To study automatic touch recognition we collected CoST, a data set containing 7805 gesture captures of 14 different touch gestures each performed in three variants: gentle, normal and rough. The data showed similarities between gestures and large differences in the way these gestures were performed which was increased by the inclusion of the different gesture variants. From the different classifiers that were compared, the best results were obtained using SVMs with the RBF kernel while the decision tree yielded the worst performance. Classification of the 14 touch gestures independent of the gesture’s variant yielded an average accuracy of up to 60 %. The subject independent model generalized well for some individuals but not for others. Gentle gesture variants proved to be harder to classify than the normal and rough variants. Misclassification was most common between touch gestures with similar characteristics.

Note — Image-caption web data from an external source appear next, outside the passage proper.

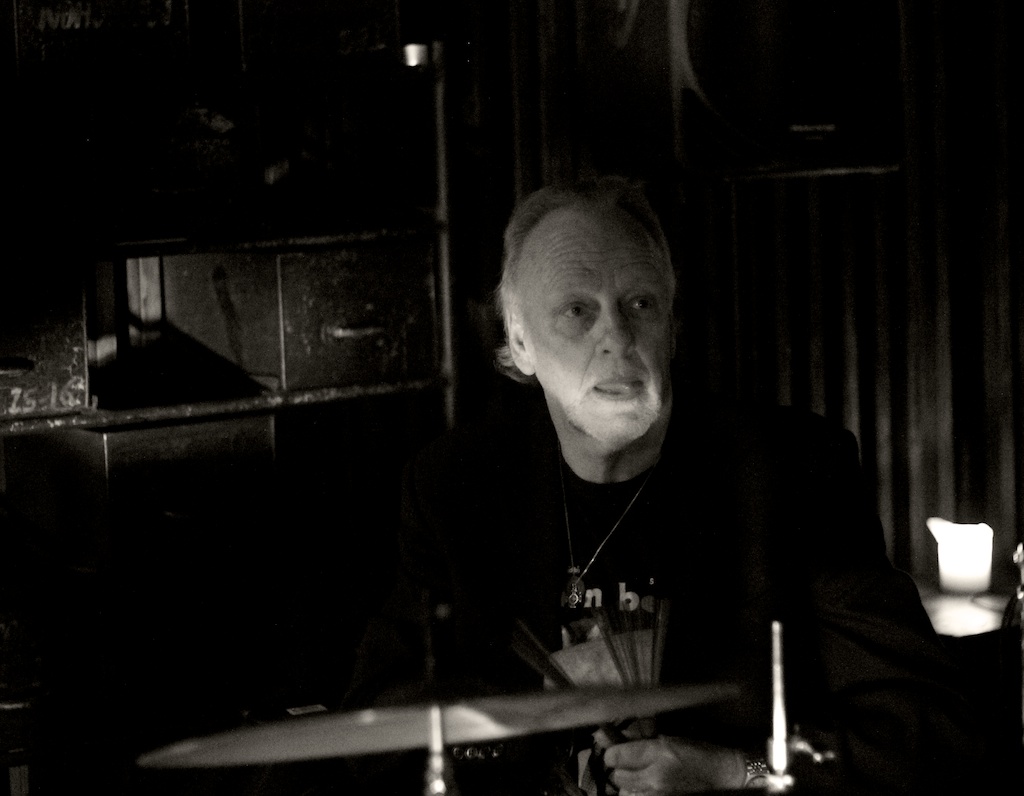 IMG_8428 - Version 2 (1)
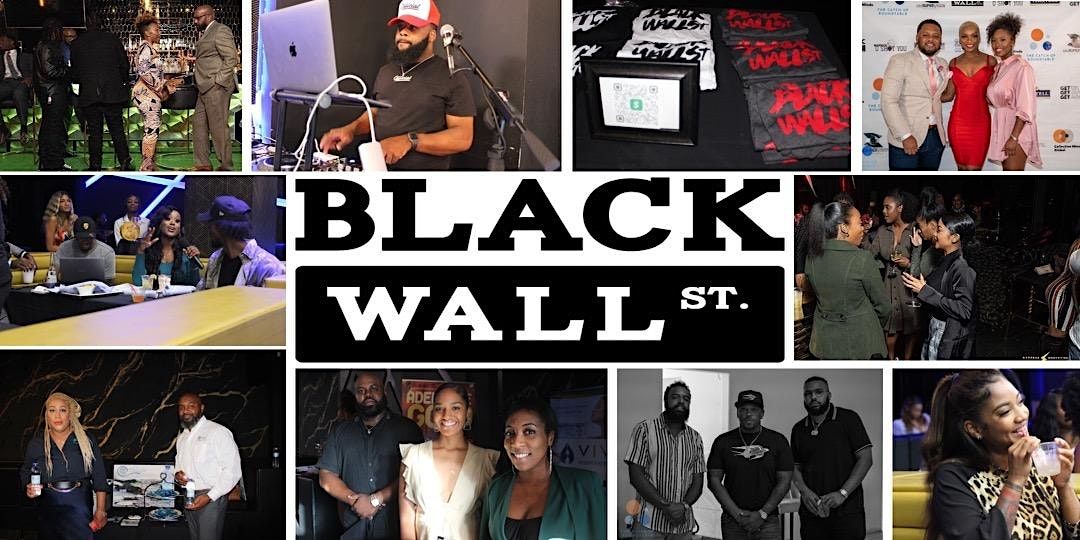 B.I.P Social Networking & Marketplace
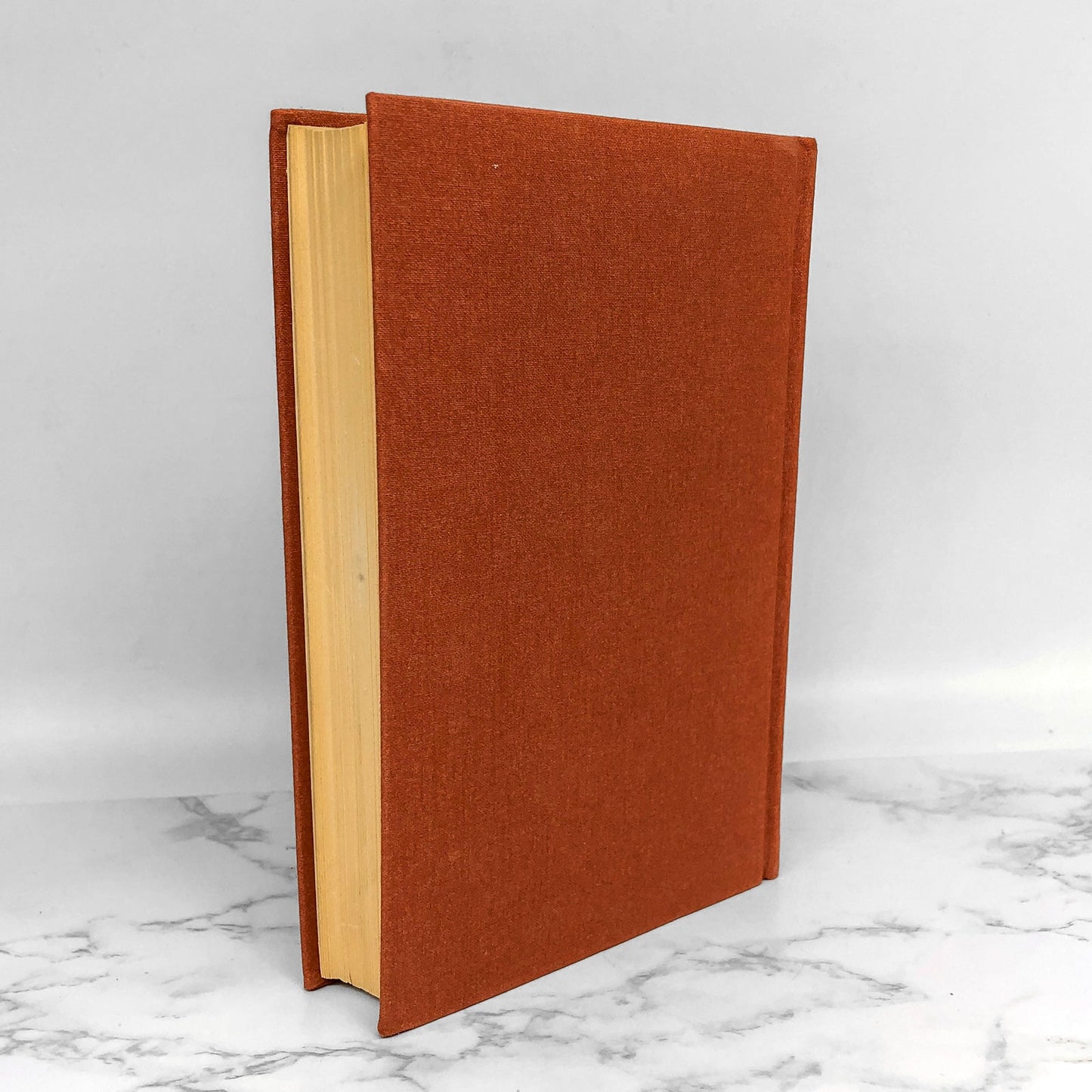 The Martyred by Richard E. Kim [FIRST EDITION] 1964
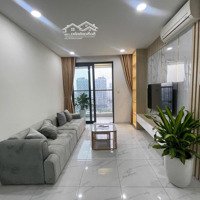 Cho Thuê Ch Mỹ Đình Pearl, 2 Phòng Ngủ 80M2, Nội Thất Cđt, Full Đồ, Giá 15 Triệu/Tháng. Liên Hệ: 0869.555.685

Further research into highly discriminating features using feature selection or dimension reduction can be beneficial for applications that require (on-board) real-time touch classification in which computational power is costly. Also, at this moment it is unclear what the minimum requirements are regarding touch recognition performance in order to have a meaningful touch interaction.

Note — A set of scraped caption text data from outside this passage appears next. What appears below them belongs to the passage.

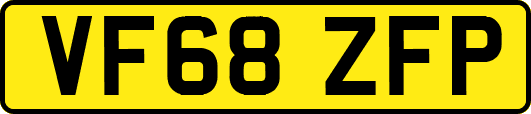 VF68ZFP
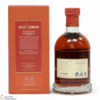 Kilchoman - Kilchoman Club 3rd Edition 2014 Thumbnail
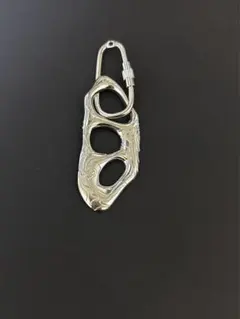 2025年最新】octi リングの人気アイテム - メルカリ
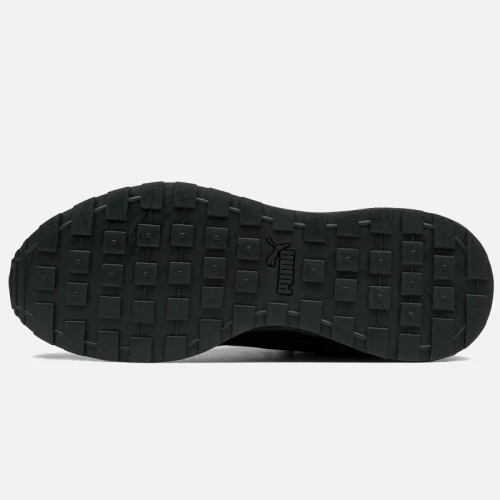 Мъжки Маратонки Puma Graviton SL 2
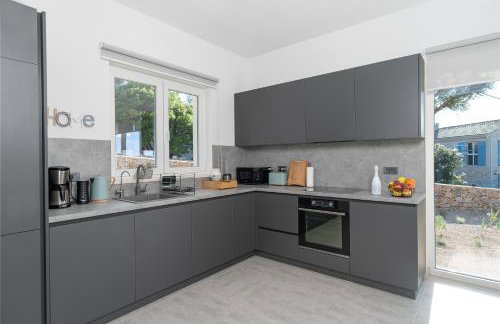 Villa Croatia Heaven - Photo 11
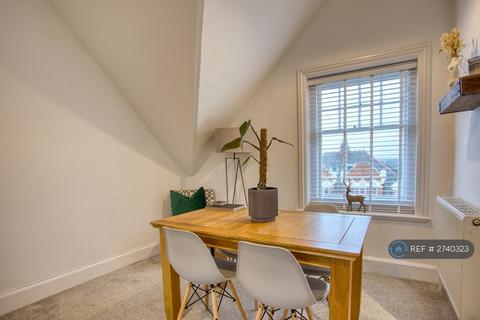 undefined, Kent House, Folkestone, CT20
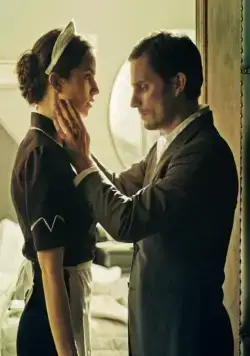 Отель Желание (2011) скачать торрент файл Отель Желание (2011) фильм скачать торрент файл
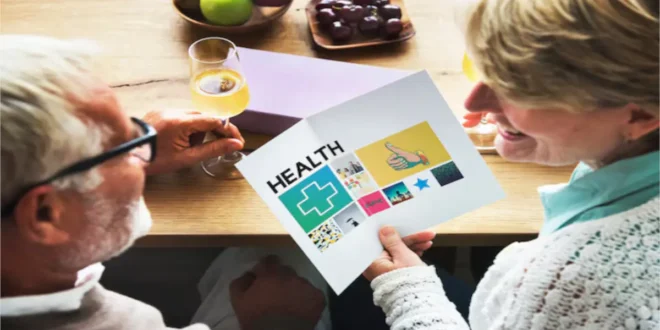 WHO Health Equity Definition: Understanding and Implementing Health Equality Globally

Furthermore, to behave socially intelligently, an artifact such as a robot, should not only be able to sense and recognize touch gestures but should also be able to interpret those touch gestures in order to respond in a socially appropriate manner as illustrate in Fig. 1. As most studies, including the work presented here, focus on parts of the interaction, future work should tie together the full interaction cycle.

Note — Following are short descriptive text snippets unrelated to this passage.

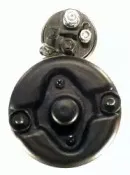 Стартер FRIESEN купить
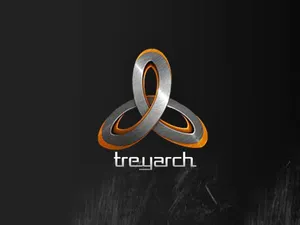 Treyarch Game Studio Office Wallpaper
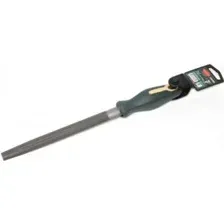 Напильник RockForce RF-5056P28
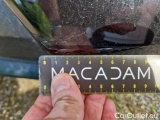  Nissan  Micra 1.0 IG-T ACENTA CVT #15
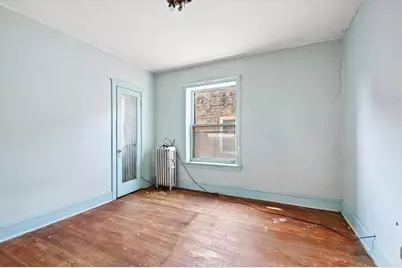 4924 N Saint Louis Avenue, Chicago, IL 60625 - Photo 23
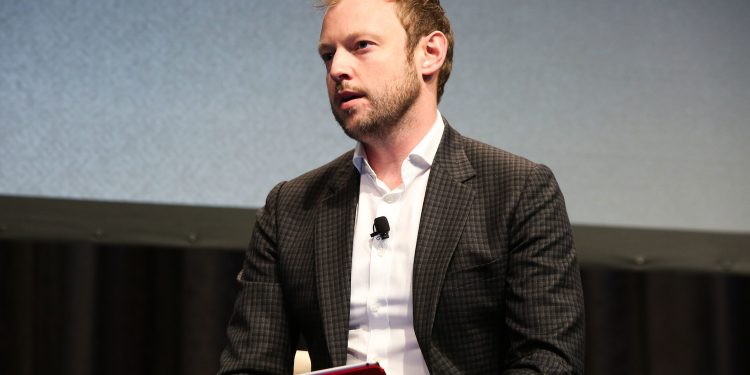 Crypto Sleuthing Firm Elliptic Raises $23 Million in Fundraise Led by SBI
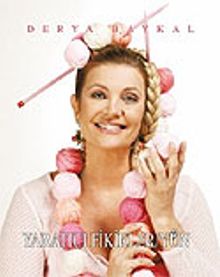 Yaratıcı Fikirler/Yün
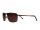 Mexx Metall Sonnenbrille 6302-300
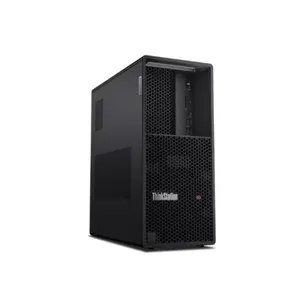 Test Lenovo ThinkStation P3 Tower 30GSCTO1WWDE2 i7-13700 16GB RAM/1TB SSD W11P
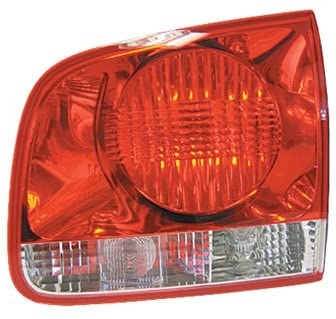 Magneti Marelli Bakljus Lld932 Volkswagen Lld932 Storlek 3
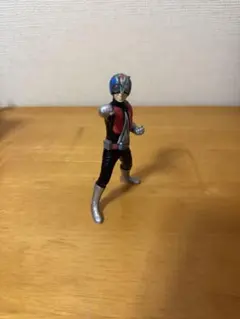 激レア当時物】一番くじ 仮面ライダー1号＆サイクロン号 ラストワン賞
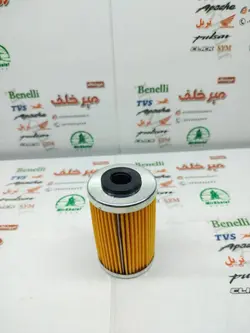 فیلتر روغن موتور پالس ns 200 ان اس و rs ار اس و ktm 200 duke کی تی ام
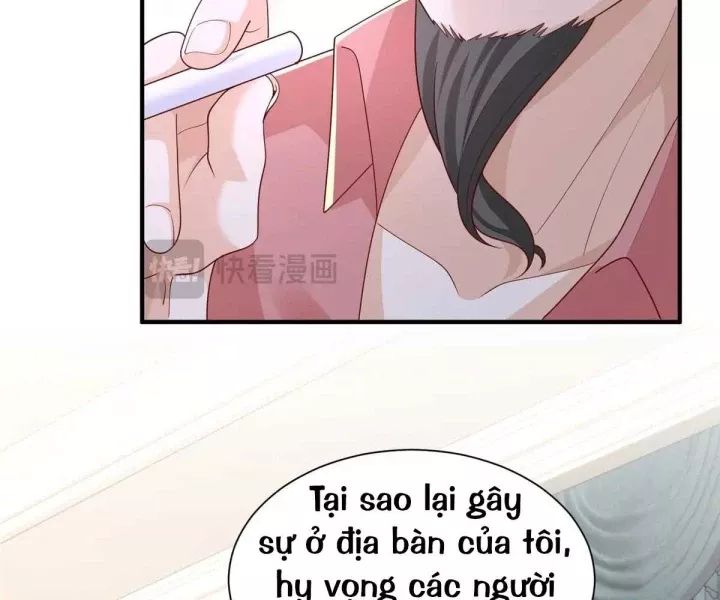 Mỗi Tuần Ta Có Một Nghề Nghiệp Mới: Chapter 800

In the current setup we have studied touch recognition in a controlled lab setting with specific instructions, lacking social context which could help to recognize touch gestures and their inferred meaning. According to Hertenstein et al. the complexity of the tactile system allows for the same touch gesture to have different meanings as touch can also vary in its intensity, velocity, abruptness, temperature, location and duration [15]. The meaning of touch is also dependent on factors such as concurrent verbal and nonverbal behavior, the type of interpersonal relationship and the situation in which the touch takes place [16, 21].

As touch is only one of the modalities that plays a role in social interaction, social signals from other modalities can provide valuable information as well. Currently we are working on a study on the interpretation of touch behavior within a social context. Human interaction with a robot pet companion is observed by looking at touch behavior as well as other social behaviors such as speech and gaze and the role of these behaviors in touch interaction. To further close the interaction loop we are also looking into appropriate responses.